Since then, supply chain issues have actually helped us raise the profile of locally made apparel. Whether that apparel is made in Dallas, Indianapolis, San Diego, Johannesburg, Georgetown, or just down the street from us in Melbourne. This is helping to reduce the reliance on supply of finished apparel. Yes, it still is reliant upon sourcing fabric, but in many instances, there are local supplies. 

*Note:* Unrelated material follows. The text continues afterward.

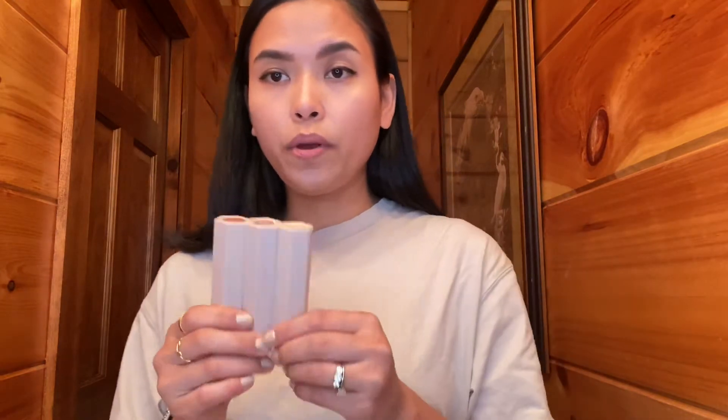I'm really late when it comes to trying this because it came out like a year or two ago. But basically, this looks really cool because it's magnetic — so if you travel a lot it would not be a fuss. It's a fun way to stack all your makeup together.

We have actually seen a significant uptick in clients going from producing offshore or utilizing blanks (pre-made blanks) to alleviate size, color, style constraints by making their own and capitalizing on stronger consumer sentiment to buy local. Some of those clients are now even making small runs of blanks for other apparel decorators in the same city, further boosting local jobs and economies and exploring new revenue streams. 

What are Pattern Room’s goals looking ahead?

It’s optimistic, but we are so confident in the fit and function of our patterns that we want customers to ask their local custom sportswear maker if they use Pattern Room patterns. In all seriousness, we are actively engaging with both our clients and sporting bodies to design even better fitting apparel for specific sports and crucially for women.

We have a lengthy roadmap of new styles and categories (e.g., club swimwear) which we are working through and perfecting. That catalog will continue to offer even more options and we estimate that we will get to something like 6 million styles before we start to run out of things to add. 

We also have designs on setting up an office in the U.S. within the next 12-18 months. We’re still contemplating where we would like that to be, but as very keen skiers, we’d like to think somewhere near some of the amazing skiing in the Rockies or Sierra Nevada mountains would be ideal. We welcome any suggestions!